On Election Day, Americans took time to vote, and to explain why this ritual means so much to them. At polling places and in luncheonettes, on the storm-battered East Coast and in a California city hobbled by foreclosure, in precincts large and small, they celebrated democracy — and the end of a long and bitter campaign.
LAKEWOOD, Colo.: Two women, two different decisions
In swing state Colorado, elections typically are decided in three suburban counties where women play a key role. That fact didn’t escape the Romney and Obama campaigns, which spent plenty of time and money reaching out to that important voting bloc in Arapahoe, Larimer and Jefferson counties — and, indeed, all across the land.
In Lakewood, west of Denver in Jefferson County, finding the time to even vote was one of many challenges for single mother Amber Tuffield. Her day started in typical fashion: Three trips up the stairs to rouse her 13-year-old son, Dallas, out of bed. A trip down to the basement to find clean clothes for her 16-year-old daughter, Sage. Put a pot roast in the Crock-Pot for dinner.
Tuffield works two jobs — one as a secretary, the other bartending — and worries most about having decent health care and ensuring her children get a solid education. But two things in particular stuck with her this Election Day: Mitt Romney’s secretly recorded assertion that 47 percent of Americans see themselves as “victims,” and his suggestion that students should borrow money from their parents if they can’t afford college.
It all left her questioning whether the Republican could really relate to people like her, and prompted this registered independent to vote for Obama instead.
“Looking at both of them, I’m more comfortable with the known than the unknown,” said Tuffield, 44.
In Arapahoe County, Republican precinct leader Lori Horn spent her day coordinating poll observers. Like Tuffield, she worries about her children’s future, but believes Romney and his economic plan are the best bet for her family.
“I have a daughter on the precipice of college and a career,” said the 50-year-old mother of two. “I have to make this a priority.”
—By P. SOLOMON BANDA, Associated Press Writer
CHICAGO: Supporting the president in style
Make no mistake — Carter’s Barber Shop is Obama country.
None of the customers here waited until Tuesday to cast ballots. They voted for the president days or weeks ago. Kim Jackson, who was getting her hair trimmed, wore an “I WAS THERE” button that she bought that celebratory night four years ago when she watched President-elect Barack Obama take the stage in Grant Park.
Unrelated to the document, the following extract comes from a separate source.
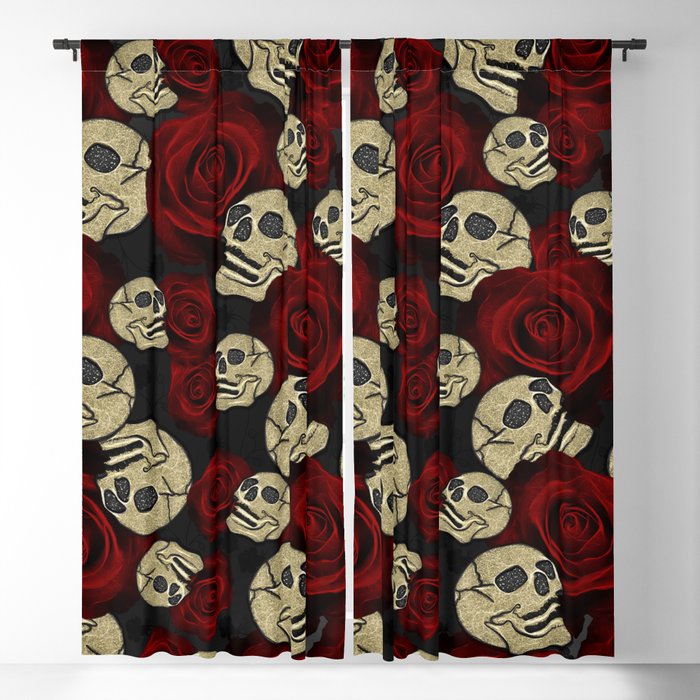 Red Roses Skulls Grey Black Floral Gothic Blackout Curtain By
Bert Downing, the shop’s owner, said Obama needs more time to deal with “the huge plate of problems he inherited. … It’s a work in progress. I just want to see him complete the mission. ”
Downing believes Obama has been treated differently because he’s black. “The blatant disrespect?” he said, shaking his head in frustration. “Would they have done it if had been Bush or Reagan? At the bottom of all this … is race. If he were white, he wouldn’t have the same problems.”
It would be hard to find a more Obama-friendly spot in this overwhelmingly Democratic city. The barber shop sits on the edge of a West Side ward that supported the president by a 99 percent-plus majority in 2008. And the regulars are pleased with his policies.
Charles Leeks, who had a liver transplant last November, pointed to Obama’s health care program. Because of it, he said, he doesn’t have to worry about a lifetime cap on insurance coverage.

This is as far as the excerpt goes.